Genesis 42-44: Joseph’s Revenge
Adult Bible Class of Home Moravian Church, originally broadcast Aug. 13, 2006; Craig Atwood
Introduction: Good morning and welcome to the Adult Bible Class. Today is August 13, which is a special day in the Moravian Church. It was on August 13, 1727 that the modern Moravian Church was reborn in Herrnhut, Germany. The old Moravian Church, named the Unity of the Brethren, had been destroyed by the Catholic Church in the 17th century. Descendents of the old Unity of the Brethren, led by Christian David, decided to flee Moravia. They found refuge on the estate of a young nobleman named Count Zinzendorf. Under Zinzendorf’s leadership they built an extraordinary religious community that was guided by the Brotherly Agreement.
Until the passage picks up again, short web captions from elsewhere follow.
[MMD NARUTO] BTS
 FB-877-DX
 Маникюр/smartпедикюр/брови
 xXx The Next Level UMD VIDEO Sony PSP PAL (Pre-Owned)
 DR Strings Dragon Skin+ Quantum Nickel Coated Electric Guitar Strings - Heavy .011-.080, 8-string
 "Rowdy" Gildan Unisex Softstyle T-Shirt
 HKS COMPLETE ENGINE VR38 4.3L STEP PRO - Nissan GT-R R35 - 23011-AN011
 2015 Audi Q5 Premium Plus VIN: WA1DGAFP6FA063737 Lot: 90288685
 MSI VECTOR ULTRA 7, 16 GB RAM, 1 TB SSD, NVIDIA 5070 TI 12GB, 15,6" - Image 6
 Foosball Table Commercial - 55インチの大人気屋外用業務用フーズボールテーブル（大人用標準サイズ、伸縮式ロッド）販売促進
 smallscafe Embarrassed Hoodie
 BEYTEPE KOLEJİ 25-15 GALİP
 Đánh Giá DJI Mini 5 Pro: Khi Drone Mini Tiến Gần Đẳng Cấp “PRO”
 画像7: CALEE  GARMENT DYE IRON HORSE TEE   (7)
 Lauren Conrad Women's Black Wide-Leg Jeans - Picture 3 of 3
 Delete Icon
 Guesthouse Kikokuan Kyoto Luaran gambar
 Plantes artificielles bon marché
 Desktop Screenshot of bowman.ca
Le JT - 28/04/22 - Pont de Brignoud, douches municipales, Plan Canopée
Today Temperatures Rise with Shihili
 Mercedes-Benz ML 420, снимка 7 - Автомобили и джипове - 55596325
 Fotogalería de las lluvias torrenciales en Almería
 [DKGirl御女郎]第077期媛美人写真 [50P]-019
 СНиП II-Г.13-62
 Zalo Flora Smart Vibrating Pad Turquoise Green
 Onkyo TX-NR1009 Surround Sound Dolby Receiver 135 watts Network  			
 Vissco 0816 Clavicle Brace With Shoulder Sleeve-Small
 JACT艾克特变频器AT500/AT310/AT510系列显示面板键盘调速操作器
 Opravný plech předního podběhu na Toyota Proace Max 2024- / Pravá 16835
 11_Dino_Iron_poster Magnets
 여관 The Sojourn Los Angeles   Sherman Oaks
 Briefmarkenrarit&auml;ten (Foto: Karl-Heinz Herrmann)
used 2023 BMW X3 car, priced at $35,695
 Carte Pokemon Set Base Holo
On August 13, 1727 they had a communion service to celebrate their new constitution, and the experience of love, forgiveness, and unity was so overpowering they proclaimed that the Holy Spirit had come upon them. Their communion service literally turned into a lovefeast as they ate and sang and prayed together all afternoon. After this they began sending out preachers, teachers, evangelists, musicians, linguists, and others to bring the message of God’s infinite love to all the people of the world.
I mentioned last week that we were having a roof put on our house, and I pleased to say they did a good job. I do not have the answer to the immigration problems in America, but I can say that the men who worked on my roof were the hardest working men I’ve seen in a long time.
Joseph’s Brothers: This week we are continuing our story of Joseph and his brothers. Chapters 42-45 narrate Joseph’s reconciliation with his family in Egypt. This is the longest part of the Joseph tale, and it is far too long to read aloud to you this morning, so I’ll just read portions. It is a little surprising that this part of Genesis is so drawn out. The earlier parts of the Joseph saga, such as his imprisonment, were told with remarkable brevity. Even the rest of Genesis uses an economy of words to tell some very powerful stories, like the binding of Isaac. So why does the author take three long chapters to describe the reconciliation? Clearly this was important to him.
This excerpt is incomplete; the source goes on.